My team at the time was 12, 10 people, but that was spanning multiple. So operations there was everything from people operations, we had finance ops under it, to Salesforce revenue operations at the time. So it was.

Ken Babcock (10:34.506)

Yeah. So you're probably in that, in that phase of like, everyone's kind of a functional head in some way. And so it was like contained, contained to them. Um, which is, which is a, you know, you then reach sort of a scaling moment where all of a sudden they can't just live in that one person's head cause they aren't just the function. So maybe talk to me about maybe the team sizes where you felt like there was a real inflection point around.

Robin (10:40.845)

Yeah, totally. Yeah.

Ken Babcock (11:04.418)

how you optimize those teams, how you documented process, how that balance changed. Were there like key moments or key team sizes where you just, you felt that pain more acutely?

Robin (11:16.941)

Yeah, it's such a good question. I don't know if we ever like struck like this is the answer that every team should go for, but I can share some of the pitfalls we ran into and I think what principles I've gleaned from it. So I think some of the pitfalls we're thinking that if it's just a single person team that that, you know, that therefore that person can get away with just having things in their head. You are already as a one person team, part of a bigger.

organism of the company. And I think if you can take that mindset of, sure, I am the head of this function, but as head of this function in a one person team, I'm really all 90 roles that would be in place by the time we get to Google size. And if I take that mentality, and I'm not saying then put into a process that you have to then do 500 checks and balances, but if you're taking the mindset that it's gonna be more than me at some point, that forward thinking I think helps set up

for when you do get another person. Because as soon as you have one other person, things really can't live in one's head because we can't read each other's minds as much fun as that would be or as much as we think we can. And I think that's the piece is like, and because those one person teams are interacting with another one person team that is trying to get their work done. And so I think it's from.

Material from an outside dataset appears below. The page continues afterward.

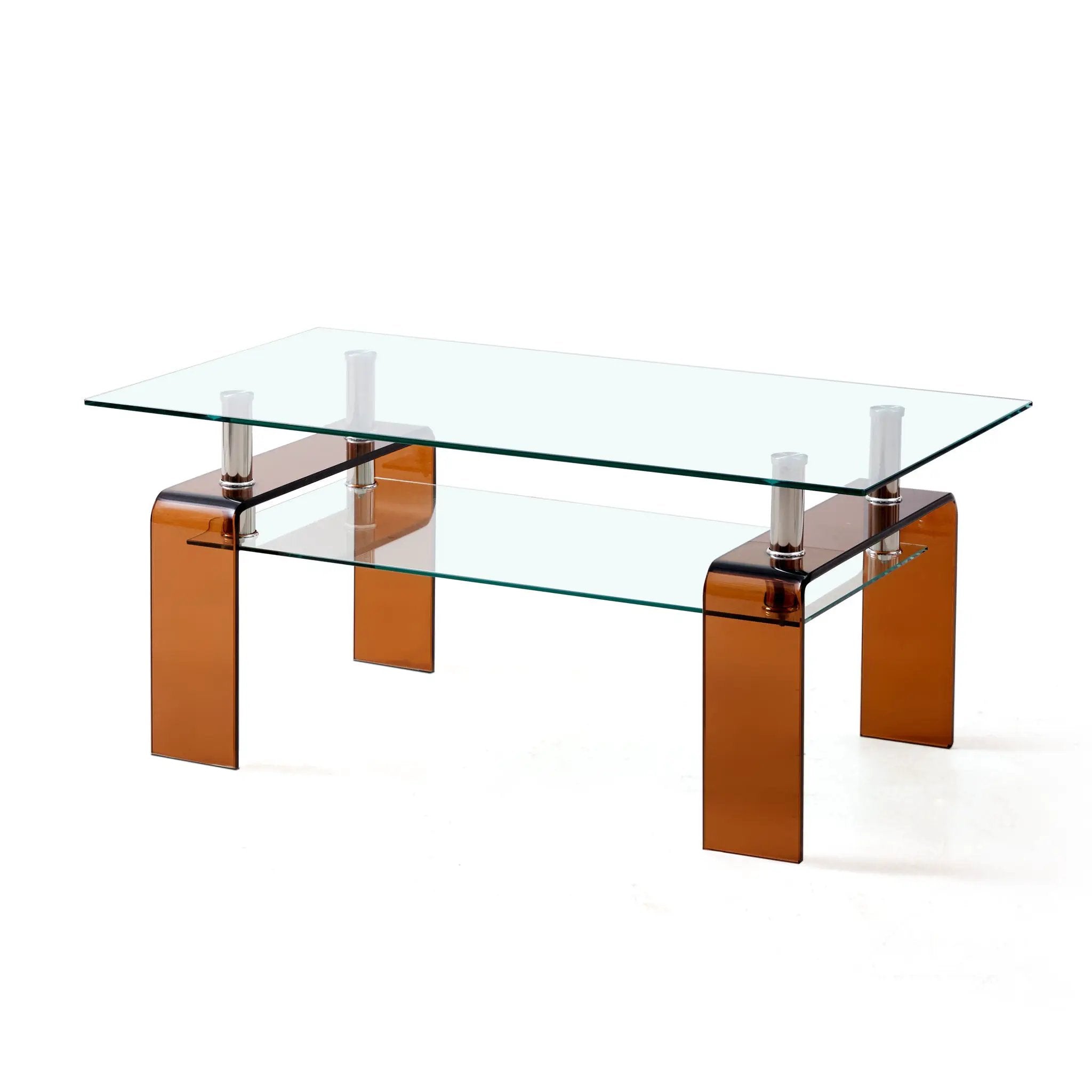 Modern Tempered Glass Coffee Table With 2 Tier Storage For Living Room by Unique Piece Furniture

I think my learning from it, because the pitfall was we kind of allowed some cutting of corners. It's one, you're one person, sure, you can let that live in your head a little bit longer. But I think if you can have that diligence to be writing things down at that point, you can always edit it. It can be a working document or a working kind of statement of this is how we do things. I think that's where it begins, because it A, starts the culture up front.

Ken Babcock (12:45.998)


Robin (13:04.941)

and you get in the habit, it's that new kind of habit development early on, and be as soon as you get to a second person. Because once you get to 30 people, it's so crazy, right? Cause if it's not written down then and you're kind of back writing, which is a lot of what we would do, you'd find, we would find at least that our process got too complex cause we wanted to tighten down. Like it was like, we got afraid that we'd lose control cause there were more people.

And I think my learning from that time was, if I wanna tighten down, I probably need to loosen up and like, what's the minimum viable thing or process or statement or policy I can make? Otherwise you have people spending more time reading policies and processes than they do actually doing things.

Ken Babcock (13:54.006)

Yeah, I think that's, that's so interesting because I mean, even, even when I was asking the question, I was, my instinct was kind of like, ah, it's one person you could probably, you could probably get away with it, but I think you're so right. Cause also when you think about that one person, you know, that's like a key person risk, will that person ever be able to go on vacation? What if they leave? Cause they get burned out by the role that encompasses 90 roles. Um, so I really like your recommendation of.

Robin (14:13.095)


Ken Babcock (14:21.806)

create that culture upfront when it is a one person team, when it's easier to manage before it gets like completely out of control. Um, so I, I hear you there and you know, we've, we've kind of touched on this idea that, you know, it's people before process and then process needs to be this balance or it needs to be lightweight enough. Can you talk to me a little bit about tools? So you had mentioned you got to clear a bit.

There were more tools than people, which is wild, but I think that's true of a lot of companies, honestly, I mean, we definitely have more tools than people, but you know, we're smaller. Um, what are some implications of that and what, how did you see it sort of manifest itself, you know, when you first joined?

Robin (14:53.424)


Robin (15:10.921)

Yeah, it was, I think it was really around, like we were around 100 people and we had about 100 or so tools. It may have been kind of over time we've fabricated it more, but I think everyone at Clarebutt would feel that kind of like same essence, which was at the time, the experience was, if I need something, I'm gonna get it. And I think like the intention was there, right? The intention was I wanna get my job done and the best way to do this,

is to kind of fill the void and get the item that I need. But I think what it was lacking was kind of any version of taking that step back that we were talking about before and saying, great, that was an awesome example of jumping directly to the solution. What is that problem that we are ultimately trying to solve? And then what are the different options to solve it? And I think that was what we ultimately needed to do. And it was.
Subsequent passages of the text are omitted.